Exhibition: Bogota in Berlin in Toronto
Artist: Théodore Witek.
Curator: Hilda Yasseri.
This exhibition tells the story of the Hotel Bogota, old artists’ studio converted into a Ministry of Culture during the third Reich…
At the end of 2013, the Hotel Bogota in Berlin-Charlottenburg must close its doors. It leaves behind it 100 years of history in the Berlin art scene.
The hotel was built in 1911 and became, over the decades, an important witness of the cultural and political changes in the German capital.During the Weimar Republic, people like the arts patron Oskar Skaller lived here. He held meetings between artists and politicians, and evening dances in his ground-floor apartment, where jazz musicians such as the clarinettist Benny Goodman, played.

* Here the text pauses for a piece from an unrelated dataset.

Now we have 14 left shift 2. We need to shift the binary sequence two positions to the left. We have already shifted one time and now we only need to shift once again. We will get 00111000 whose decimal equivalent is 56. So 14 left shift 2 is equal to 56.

The German fashion and portrait photographer Yva moved here in 1934. She took her first color pictures on the roof of the building. Yva, of Jewish origin, was forced to close her studio in 1938. Convinced Hitler won’t be in power for long, she decided to stay in Germany and only decided to emigrate four years later.She and her husband, Alfred Simon, were arrested by the Gestapo as they tried to leave for the United States. They were later deported to Majdanek and murdered in 1942. Later, her archives were destroyed during the bombings in Berlin.

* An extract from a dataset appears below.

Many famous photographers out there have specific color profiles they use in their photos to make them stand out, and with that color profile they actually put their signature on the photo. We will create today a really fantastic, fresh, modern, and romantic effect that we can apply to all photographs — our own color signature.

The Nazi regime took over the building in 1938 and used it for its “Reichskulturkammer” (Chamber of Culture) whose mission was to promote Aryan art and condemn “degenerate” art.
It’s only in 1964 that the Hotel’s story really began. Heinz Rewald, who had emigrated to Colombia before Hitler’s rise to power in the 1930s, returned to Berlin and opened the Hotel Bogota –name of his host city– on the fourth and fifth floor of the building.